La guerra scoppiata nei Balcani, dopo la morte del maresciallo Josip Broz Tito è iniziata ben prima del disfacimento della Repubblica Socialista Federale di Jugoslavia.
Dopo la seconda guerra mondiale, le diverse realtà storico culturali religiose jugoslave vengono tenute insieme sotto il regime militare di un’ unica grande repubblica comandata da “occhio di vipera”. Il progetto della Grande Serbia, che affonda le sue radici nel 1937, avanza imponendo l’ideologia unificatrice dei popoli, fino a giungere allo scoppio della guerra dei Balcani.

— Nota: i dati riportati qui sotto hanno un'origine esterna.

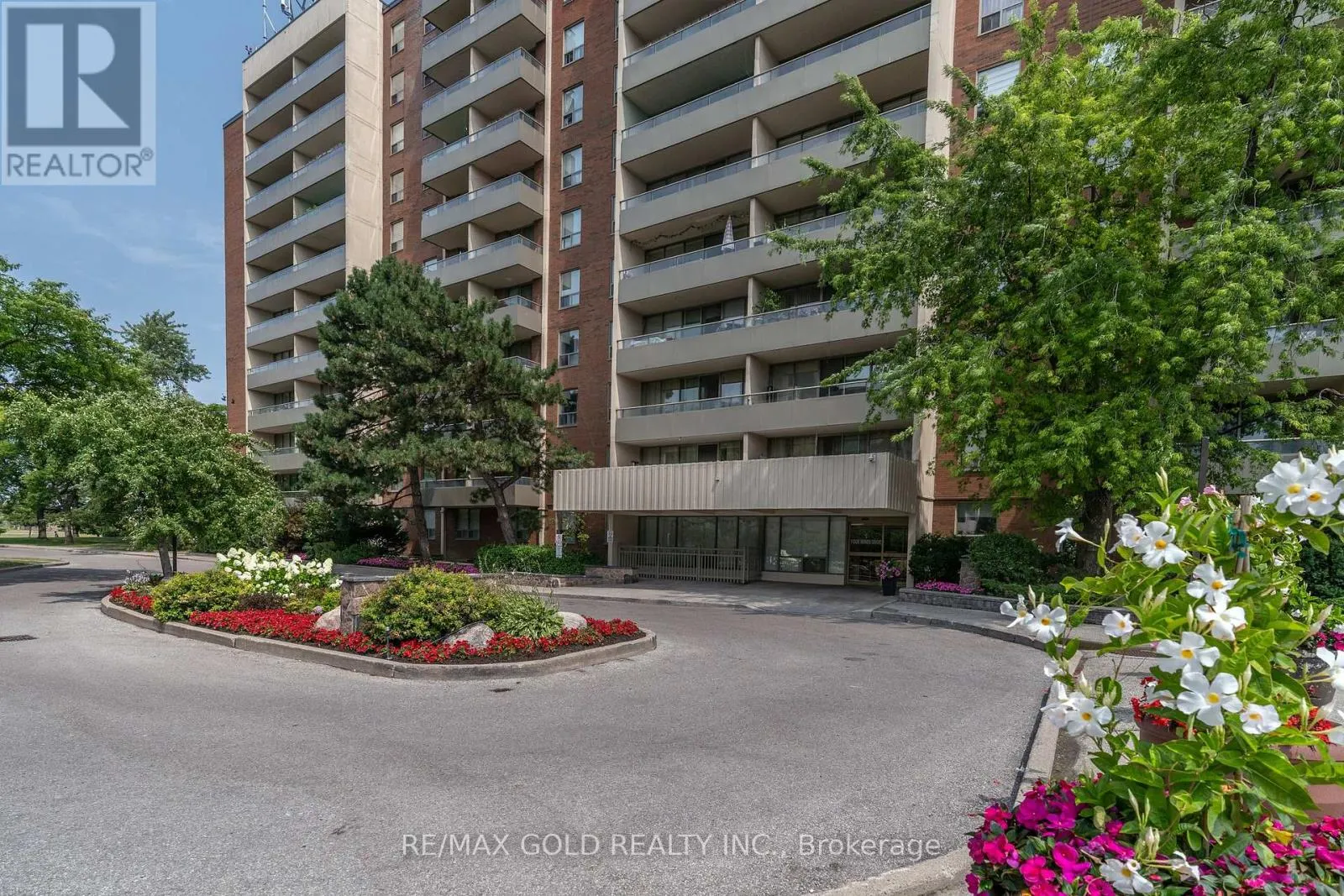 502 - 1 FOUR WINDS DRIVE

Questo conflitto è un vero e proprio genocidio per la spartizione e la frantumazione della ex Jugoslavia, che cancella definitivamente il ricordo dell’Impero austro ungarico.
Alma, la protagonista del romanzo di Federica Manzon, è una bambina quando osserva il padre andare e venire dalla casa sul Carso per spostarsi all’isola di Brioni, come un titino al seguito del dittatore; lei è piccola per capire il lavoro del padre e per il padre è troppo complicato spiegare alla figlia la sua appartenenza ideologica politica, suggellata dal suo passaporto rosso.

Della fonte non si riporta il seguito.